Book Review
The Arabs – a History
Eugene Rogan
Penguin 2018
This book is not a specific WWI book but does cover the WWI era and the post-WWI period. Eugene Rogan is Professor of Modern Middle Eastern History at the University of Oxford. He is, in fact, American and studied both Arabic and Turkish as a young man in order to be able to deal with the source material. I heard him speak on the post-WWI era at a major conference in London in June 2019 and he was very lucid.
Starting with the pre-WWI era, there was European colonisation of North Africa, notably of Morocco by France and of Libya by Italy, both in 1912. Morocco did not gain independence from France until 1956, and Libya from Italy until 1951. However, the most violent of the decolonisation episodes in North Africa was Algeria, which had been constituted by France as an integral part of mainland France, and where the war of independence from 1954 to 1962 cost one million lives. Perhaps those in the WWI history community who huff and puff about Alsace Lorraine should reflect on those facts.
Professor Rogan’s key point about the post-WWI era is that without the meddling in this area of the so-called Great Powers, there would be no “Middle East” today and no powder keg to threaten global stability. If the Ottoman Empire had not entered into WWI, it is quite conceivable that it could still have existed today as the ruler of this region and would have exerted a stabilising control.
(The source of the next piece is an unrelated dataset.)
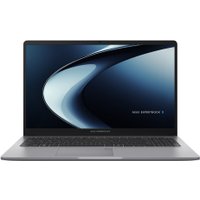 Ноутбук ASUS ExpertBook P1 PM1503CDA-S70252X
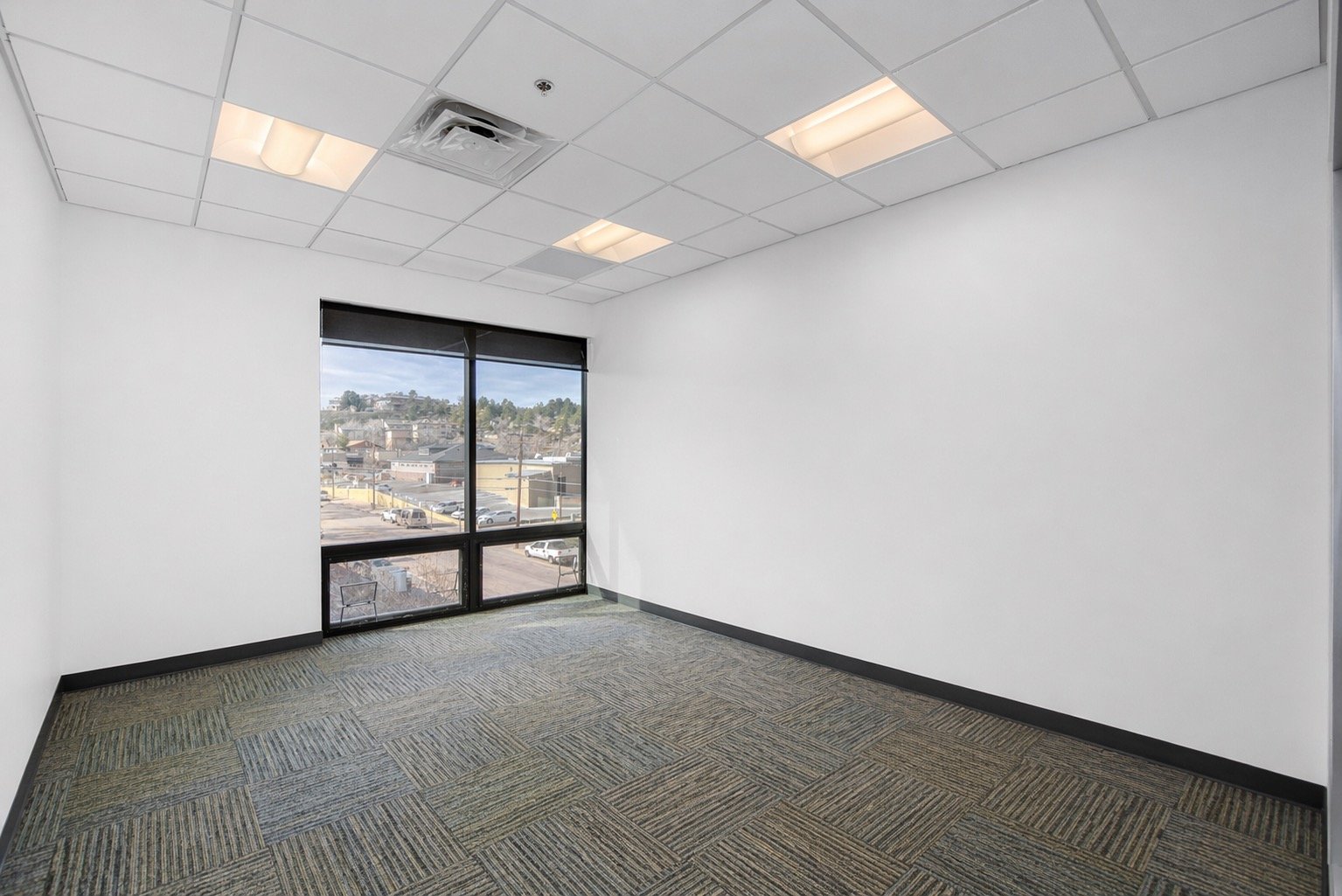 325 W Gurley St, Prescott, AZ 86301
Today’s instability results from the machinations and dividing up of the region by the Allies. If one travels around the region, the key item on the wall of any government office is the map of the country, as the countries are in many ways artificial edifices only defined by the lines drawn on a map by white men.
A surprising, to us, factor that is missing today in the Middle East countries is any recognition or commemoration of the role the Arabs played in WWI. While many people will think of TE Lawrence and the Arab revolt, there were many more Arabs in the Ottoman armies, as they had to obey their colonial master.
Oil was not a key factor at this stage, as no oil had been discovered in the Arab lands. The oil fields were in Persia which made that land strategically important, then as now. The British oil company was Anglo-Persian Oil Company, renamed British Petroleum in 1934. So, the important target of the post-WWI era was to ensure a supply of oil from Persia, not least for the Royal Navy. Indeed, the main reason that the British allowed Ibn Saud to be free of any type of British colonial interference was the belief that there was no oil in Saudi Arabia, as his country became. The author rightly describes this as a major miscalculation. The first oil discoveries in that country were made in 1938. Photo right - Professor Eugene Rogan
A major problem in the immediate post-WWI era was the totally contradictory promises that the Allies had made to different parties in the region, and the now disparate interests of the French and British governments. The British created Iraq as a country that combined Shia, Sunil and Kurds, although there were also at this time Jewish and Christian communities. It has proved a difficult mix.
The French created Lebanon as a country where the political balance was tilted to give the Christian community more power than that of the Muslim community. In short, the elections were rigged. Political offices were distributed according to religion, a process in which the Christians came out better. But the proportions were changing. It is so sensitive an issue that there has not been a census since 1932 in Lebanon, since it is obvious that a census would reveal that the Muslim population is now the more numerous.
Meanwhile in Syria, the French attempted to create four mini states, two being based on religion, that is for the Alawites and the Druze. This edifice fell apart drastically in 1925, with a major revolt after which this convoluted system of mini states was abandoned.
Perhaps the biggest mess was perpetrated by the British and is described in the chapter “The Palestine Disaster and its Consequences”, which probably says it all. The British had given totally contradictory undertakings to different groups during WWI. To quote the author:
Palestine would prove Britain’s gravest imperial failure in the Middle East, a failure that would condemn the whole of the Middle East to conflict and violence that persist to the present day.
The British mandate in Palestine had the terms of the Balfour Declaration written into its mandate (from the League of Nations). Unlike all other post war mandates, which concerned establishing the basics of self-rule, the British in Palestine were required to establish both a viable state from among the indigenous people of the land and a national home for the Jews of the world. As the author says:
“The Balfour Declaration was a formula for communal conflict”.
Overall, the book is written in very readable style and is a comprehensive account of the Middle East and North Africa over the centuries. It does run to 700 pages but then with that remit, it was never going to be a thin volume. This book is thoroughly recommended.